Ordinarily a party to a court proceeding has a right to inspect all documents held by the other party that are relevant to  the dispute.  The only exception to this is if the document is privileged. Confidentiality is not a ground to oppose inspection by another party and it is unusual for a party to try to limit inspection on the grounds of confidentiality.

This can be contrasted with the position regarding a party issuing a subpoena to a third party for the production of confidential documents in the court proceeding.

Sometimes a subpoena is issued that by its terms is very broad and can include a request for confidential or commercially sensitive documents from the non-party to the proceeding. While confidentiality is not a ground to oppose production the parties commonly agree or the Court commonly requires particular confidentiality regimes to govern the inspection of the documents. This is separate to any right to challenge a subpoena on one of the established grounds.

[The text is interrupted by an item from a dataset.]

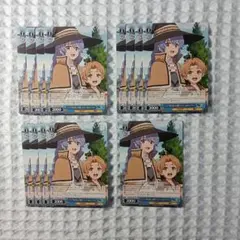 ヴァイスシュバルツ　「ブエナ村の美しい景色　ロキシー＆ルーデウス」13枚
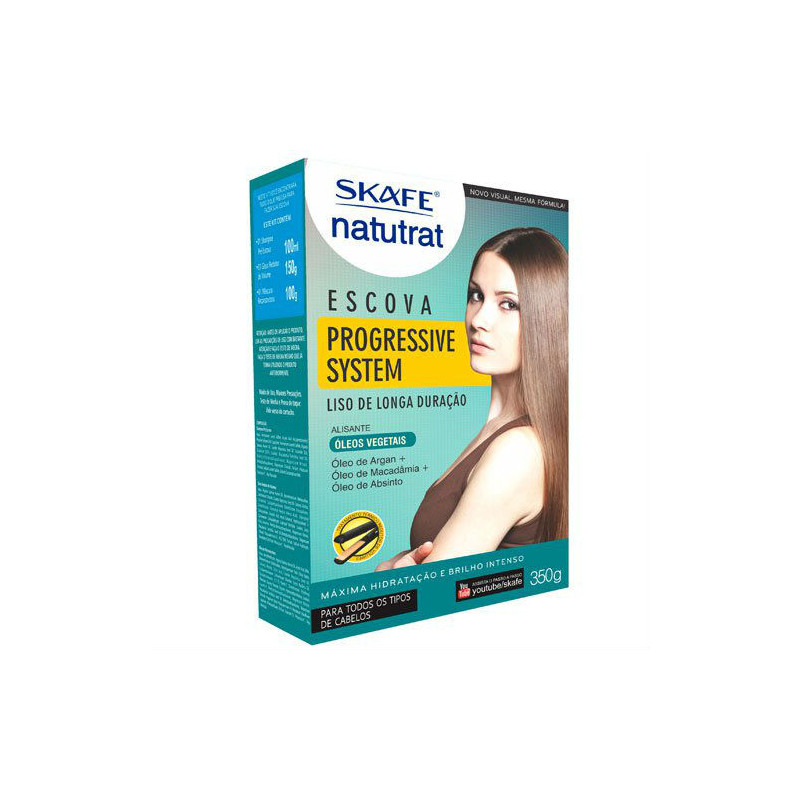 Skafe Natutrat Brasilianisches Glättungsset (350gr)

The absence of an automatic right or common practice to protect confidential or commercially sensitive documents from trade competitors produced in the discovery process gives rise to one asking, what can a party involved in a proceeding do to protect their confidential and commercially sensitive documents like a supply contract with generous pricing for a particular client or company accounts that show the margins the company is running on that may also be relevant to the proceeding being inspected by another party? Sometimes a party’s concerns are addressed by the Harman Principle. This is an implied obligation that all parties to a proceeding will not use documents obtained through inspection of discovered documents for a collateral purpose. This means that a company cannot use a sales spreadsheet obtained through discovery to renegotiate a contract with another party. However even with this implied obligation in place there is still the risk that it may be impossible for a party to separate their knowledge gained from reviewing discovered documents from future commercial transactions or their conduct.

The question of protection of relevant commercially sensitive documents arose in the a recent decision (Alcoa of Australia v Apache Energy [2014] WASCA 148). The Western Australian Court of Appeal confirmed that in the context of inspection of discovered documents courts could limit a party to the action regarding who (if the party is a corporation, or if the solicitors for the party also act for interested non-parties like insurers which individuals can view the documents) could inspect discoverable documents and for what purpose those documents could be used.

The Court held that despite the existence of the implied obligation on all parties to a proceeding that they will not use information obtained through discovery in a court proceeding for any collateral purposes the Court was of the view that the protection of confidential and commercially sensitive documents could require a stricter confidentiality regime to be in place before a party is allowed to inspect otherwise discoverable documents. The Court made orders that Alcoa must comply with a confidentiality regime when dealing with the identified confidential and commercial documents.

The Court also rejected an argument that the principles of open  justice required the production of all relevant documents that are not privileged. The Court in this respect noted that open justice was an irrelevant consideration at the inspection stage of the proceeding and may only become relevant at the trial stage for documents adduced  at trial where a court may be more reluctant to suppress confidential information on the basis of open justice.

The case related to the gas explosion that occurred on Varanus  Island and the subsequent failure to supply customers of Apache.  The Court was concerned amongst other things that the documents could be used by the interested non-party insurers to make decisions regarding other parties claiming damages against Apache or that gas sale prices contained in confidential sales contracts could be used by other purchasers.

This case indicates a the Court’s willingness to make orders to protect a party’s confidential documents from wide distribution in situations where the Harman Principle does not provide enough certainty of protection for parties prior to trial. It is also a good reminder that in disputes with competitors or customers parties should ensure that mechanisms are in place to protect confidential or commercially sensitive information if there is an exchange or provision of documents to the other party to the dispute.